Let’s review some of the miscalculations promulgated by the so-called “experts.” I’ll start with a classic head-scratcher. From mid-October to Nov. 26, the National Bureau of Economic Research Panel was the subject of a massive hype. The nation waited with bated breath for the panel to proclaim whether or not the economy was in a recession. On Nov. 26, the panel said we had been in a recession since March. That’s nine months. Gee, and a lot of our friends found that we were not at the end of the world. Far from it.

The panel is made up of academic economists from Harvard, Stanford and other prestigious universities. Many private economists, along with some panel members, believe the current downturn will be mild.

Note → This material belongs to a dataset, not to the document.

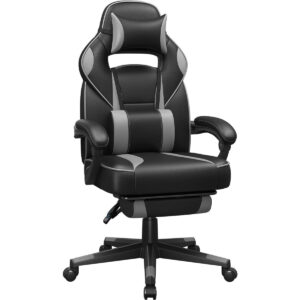 SONGMICS Scaun gaming ergonomic, cu spatar inalt, suport pentru picioare, maxim 150 kg , 50x70x126 cm, negru si gri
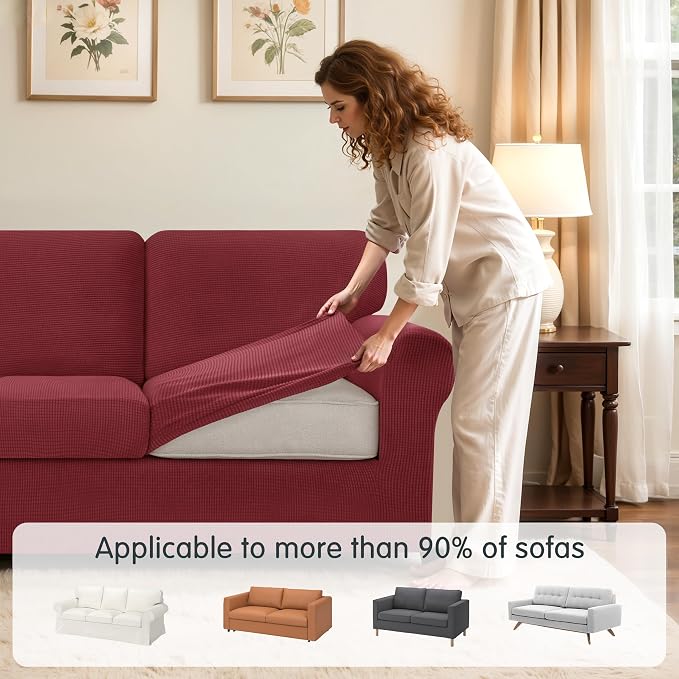SUBRTEX 7 Pieces Stretch Sofa Slipcover Sets Couch Cover Sets Backrest Cushion - Image 4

A significant comment from the “experts” is this: “Although consumer spending has slowed, it is surprisingly strong for a recession.”

Allow me to mention some of the other miscalculations. In October, housing starts beat the forecasts. Existing home sales, which the “experts” expected to remain stagnant, instead bounced back in October with a 5.5% increase. Consumer sentiment/confidence rose (surprising many economists) in early November. Durable goods orders surged — and I mean surged — 12.8%. Which is a far better showing than analysts expected. October new home sales remained solid, again putting egg on the faces of many of our so-called “experts.”

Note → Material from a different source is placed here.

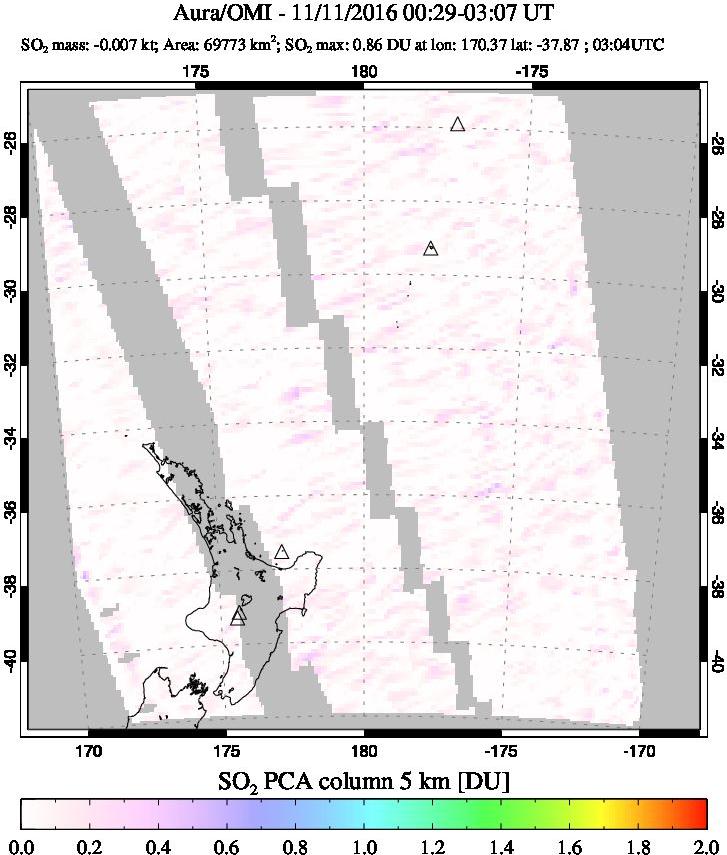 A sulfur dioxide image over New Zealand on Nov 11, 2016.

It doesn’t take a rocket scientist to figure out that these facts and figures are far from the pits, and they relate in a positive manner to our industry. It is no secret that key driving forces for our industry are existing home sales and new home starts/sales. We have a huge — really huge — market waiting to be tapped, waiting to be served and waiting to be asked to buy. A big plus: today, people are more focused on their homes and are inclined to spend money to make them more comfortable, livable and inviting. Floor coverings certainly satisfy those needs, and then some.

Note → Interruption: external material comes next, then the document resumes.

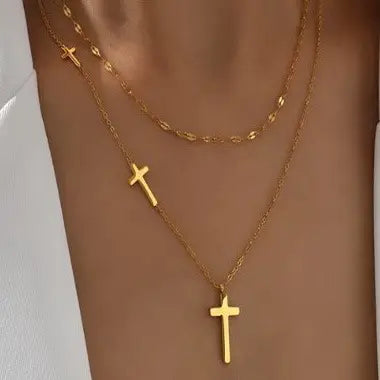 18K Stainless Steel Tarnish Free Cross Necklace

For those who hone in on the basics, who take every opportunity to create and attract customers, this can be a fantastic year for sales and profits. Those who think business will come in automatically are destined for the junk heap — deservedly so.

There is no question that consumers are doing their own thinking and are not slaves to the “experts.” Everything points to the fact that there is a more than ample number of consumers interested in floor coverings.